• **Task details**: Only the lines from the one containing "Gowran Park Races" through the end of the entries should be repeated, exactly as they appear, first and last included.

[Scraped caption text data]
______________________________

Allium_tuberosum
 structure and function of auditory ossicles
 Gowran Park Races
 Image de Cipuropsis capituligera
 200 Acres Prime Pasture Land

______________________________

• **Task output**:
 Gowran Park Races
 Image de Cipuropsis capituligera
 200 Acres Prime Pasture Land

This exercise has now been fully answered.